TASK DESCRIPTION = Return exactly and only these lines: the first of the listing through the one containing "Soft-Tek Long Sleeve".

..........

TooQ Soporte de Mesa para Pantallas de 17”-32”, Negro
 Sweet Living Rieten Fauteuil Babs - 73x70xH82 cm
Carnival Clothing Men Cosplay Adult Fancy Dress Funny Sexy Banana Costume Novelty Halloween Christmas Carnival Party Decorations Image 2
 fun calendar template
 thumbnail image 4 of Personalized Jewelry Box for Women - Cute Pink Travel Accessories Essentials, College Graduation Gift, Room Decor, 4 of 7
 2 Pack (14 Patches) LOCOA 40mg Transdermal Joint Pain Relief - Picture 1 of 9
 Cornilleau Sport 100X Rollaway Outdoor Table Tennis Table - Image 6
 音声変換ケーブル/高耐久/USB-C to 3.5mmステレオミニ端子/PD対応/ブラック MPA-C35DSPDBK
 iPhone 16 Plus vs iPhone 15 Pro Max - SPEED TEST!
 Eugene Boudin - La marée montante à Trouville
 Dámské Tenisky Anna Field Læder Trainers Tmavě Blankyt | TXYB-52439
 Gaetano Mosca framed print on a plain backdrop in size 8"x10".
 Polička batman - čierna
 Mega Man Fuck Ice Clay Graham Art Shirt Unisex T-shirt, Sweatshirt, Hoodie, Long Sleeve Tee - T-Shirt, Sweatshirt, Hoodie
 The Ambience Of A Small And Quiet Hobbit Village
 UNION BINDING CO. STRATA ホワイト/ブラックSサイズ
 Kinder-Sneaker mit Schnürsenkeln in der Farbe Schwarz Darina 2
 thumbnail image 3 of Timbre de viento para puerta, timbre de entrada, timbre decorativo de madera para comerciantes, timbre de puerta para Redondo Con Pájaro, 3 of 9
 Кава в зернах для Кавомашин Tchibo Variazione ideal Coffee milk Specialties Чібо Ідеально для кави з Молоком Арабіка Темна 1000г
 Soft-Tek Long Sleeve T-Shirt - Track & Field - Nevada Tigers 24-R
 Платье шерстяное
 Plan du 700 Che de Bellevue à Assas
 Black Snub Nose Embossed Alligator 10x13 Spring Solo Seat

..........

EXPECTED ANSWER =
TooQ Soporte de Mesa para Pantallas de 17”-32”, Negro
 Sweet Living Rieten Fauteuil Babs - 73x70xH82 cm
Carnival Clothing Men Cosplay Adult Fancy Dress Funny Sexy Banana Costume Novelty Halloween Christmas Carnival Party Decorations Image 2
 fun calendar template
 thumbnail image 4 of Personalized Jewelry Box for Women - Cute Pink Travel Accessories Essentials, College Graduation Gift, Room Decor, 4 of 7
 2 Pack (14 Patches) LOCOA 40mg Transdermal Joint Pain Relief - Picture 1 of 9
 Cornilleau Sport 100X Rollaway Outdoor Table Tennis Table - Image 6
 音声変換ケーブル/高耐久/USB-C to 3.5mmステレオミニ端子/PD対応/ブラック MPA-C35DSPDBK
 iPhone 16 Plus vs iPhone 15 Pro Max - SPEED TEST!
 Eugene Boudin - La marée montante à Trouville
 Dámské Tenisky Anna Field Læder Trainers Tmavě Blankyt | TXYB-52439
 Gaetano Mosca framed print on a plain backdrop in size 8"x10".
 Polička batman - čierna
 Mega Man Fuck Ice Clay Graham Art Shirt Unisex T-shirt, Sweatshirt, Hoodie, Long Sleeve Tee - T-Shirt, Sweatshirt, Hoodie
 The Ambience Of A Small And Quiet Hobbit Village
 UNION BINDING CO. STRATA ホワイト/ブラックSサイズ
 Kinder-Sneaker mit Schnürsenkeln in der Farbe Schwarz Darina 2
 thumbnail image 3 of Timbre de viento para puerta, timbre de entrada, timbre decorativo de madera para comerciantes, timbre de puerta para Redondo Con Pájaro, 3 of 9
 Кава в зернах для Кавомашин Tchibo Variazione ideal Coffee milk Specialties Чібо Ідеально для кави з Молоком Арабіка Темна 1000г
 Soft-Tek Long Sleeve T-Shirt - Track & Field - Nevada Tigers 24-R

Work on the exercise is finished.